JESÚS EMILIO, MÁRTIR
29 | 07 | 2017
Nos ha sorprendido, por la gracia
que entraña y por el momento en que ha llegado, la doble noticia de que el Papa
Francisco ha reconocido el martirio de Mons. Jesús Emilio Jaramillo Monsalve,
Obispo de Arauca, y que él mismo presidirá su beatificación en Villavicencio el
próximo 8 de septiembre. Como sabemos, Mons. Jesús Emilio fue torturado y
asesinado por el ELN, mientras realizaba una misión pastoral en varias
poblaciones de su diócesis, el 2 de octubre de 1989. El proceso que ha
concluido con el reciente decreto del Santo Padre garantiza que no ha sido sólo
una muerte más, dentro de la absurda violencia que padecemos, sino una muerte
especialmente configurada con la de Cristo.
La Carta a los Hebreos nos
explica que la novedad de la muerte de Cristo consiste en que no es la de un
incauto que cae en manos de sus enemigos, sino la de un sacerdote que, en lugar
de ofrecer animales como sacrificio, se ofrece a sí mismo por la salvación de
todos (cf Heb 9,11-14). De esta manera, destruyó la violencia que se vino
contra él, mediante el amor. Desarmó y rompió la dinámica interna de la
violencia haciéndose víctima por la causa que lo hizo vivir. La maldad de los
que lo mataron quedó sepultada en la finalidad y en el amor con que él se
entregó.
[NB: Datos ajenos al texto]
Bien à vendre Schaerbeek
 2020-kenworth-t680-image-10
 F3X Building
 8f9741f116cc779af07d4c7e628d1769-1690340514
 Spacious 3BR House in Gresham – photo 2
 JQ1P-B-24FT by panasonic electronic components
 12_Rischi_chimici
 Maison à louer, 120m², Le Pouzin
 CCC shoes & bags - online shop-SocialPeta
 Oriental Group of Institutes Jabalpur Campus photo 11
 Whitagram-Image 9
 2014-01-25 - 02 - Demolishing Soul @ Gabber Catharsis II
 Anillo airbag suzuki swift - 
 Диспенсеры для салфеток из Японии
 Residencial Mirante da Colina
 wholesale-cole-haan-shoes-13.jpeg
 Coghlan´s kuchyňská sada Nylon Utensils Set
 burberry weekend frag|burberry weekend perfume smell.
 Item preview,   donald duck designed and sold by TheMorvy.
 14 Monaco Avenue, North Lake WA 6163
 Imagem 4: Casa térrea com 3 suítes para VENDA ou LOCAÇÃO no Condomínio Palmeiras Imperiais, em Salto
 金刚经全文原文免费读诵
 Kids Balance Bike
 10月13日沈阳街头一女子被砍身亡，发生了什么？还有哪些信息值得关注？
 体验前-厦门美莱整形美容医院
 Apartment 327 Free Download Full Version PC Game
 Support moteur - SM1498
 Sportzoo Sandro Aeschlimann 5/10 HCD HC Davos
No se dejó quitar la vida, la ofreció (cf Jn 10,18).
La muerte de Cristo entraña un
anuncio impresionante para la humanidad. Grita a cada persona humana que la
violencia es un instinto arcaico, un regreso a comportamientos primitivos, una
incapacidad lamentable de entrar en la libertad y la plenitud de vida que Dios
quiere para cada ser humano. En realidad, la violencia nunca triunfa. En
ciertos relatos el verdugo es el vencedor, pero Jesús trastocó las cosas;
venció al dar la vida. San Agustín lo sintetizó: “Victor quia victima” (Conf.10,43). Sin la victoria sobre el mal, a
fuerza de bien, no dejamos de ser una tribu primitiva
También la muerte de Mons. Jesús
Emilio trasciende en la grandeza de una ofrenda sacerdotal. Ha destruido el
sinsentido de la violencia al tomar su vida y su muerte y hacer de ellas una
experiencia y una continuación de la Pascua de Cristo, entregándose por su
pueblo al permanecer con él y correr todos los riesgos de la misión. Con
lucidez anotaba en su Diario el 16 de junio de 1975: “Por tanto, acepto mi muerte no en la claridad de la mente sino en el
claroscuro de mi fe… La muerte es la encrucijada de todos los misterios. ¡Ya
estoy muy cerca de desatar el nudo gordiano! Muy pronto, así lo espero en mis
noches, yo veré”.
Más aún, veintisiete años antes
de su martirio había escrito: “Yo quiero
expresar aquí, en la presencia del Dios que me ha de juzgar muy pronto, los
sentimientos de mi alma: Quiero que la muerte realice, por fin, mi
incorporación con Cristo y sea una reproducción de su dolor y una expiación de
mis pecados y de los ajenos. Quiero, a pesar de mi naturaleza frágil, divinizar
mi agonía, mi miedo, uniéndome al terror del Cristo de la agonía. Sobre todo,
dejo constancia de mi fe en la resurrección de Cristo, que me será participada
por su misericordia. En mi pecho tengo la certeza que me incorporaré de nuevo
un día, después del tiempo y de la historia, después del olvido, la soledad y
la podredumbre. Entonces la inmortalidad vestirá mi mortalidad y la Vida se
absorberá mi propia muerte. El grano de trigo, podrido, surgirá hecho colino de
perenne verdor, y el cuerpo tendrá la luz de las estrellas” (He ahí al
Hombre, 1962, p. 172-173).
Así, en el martirio de Mons. Jesús Emilio, preparado a lo largo de su vida de místico y de apóstol, ha resplandecido de nuevo la santidad de Dios y la dignidad de la persona humana. Su muerte fue el anuncio misionero más solemne, la prueba hasta la sangre de su entrega total por la grey y la mejor presentación de su ser realmente transfigurado por el Evangelio. Con su martirio nos dice, en este momento de la historia, que la vida se gana dándola, que la última palabra la tiene el amor, que no podemos entrar en la desgracia de claudicar ante el bien y la verdad y que la Iglesia, si es necesario, debe seguir siendo víctima para que continúe en el mundo el dinamismo de la resurrección del Señor.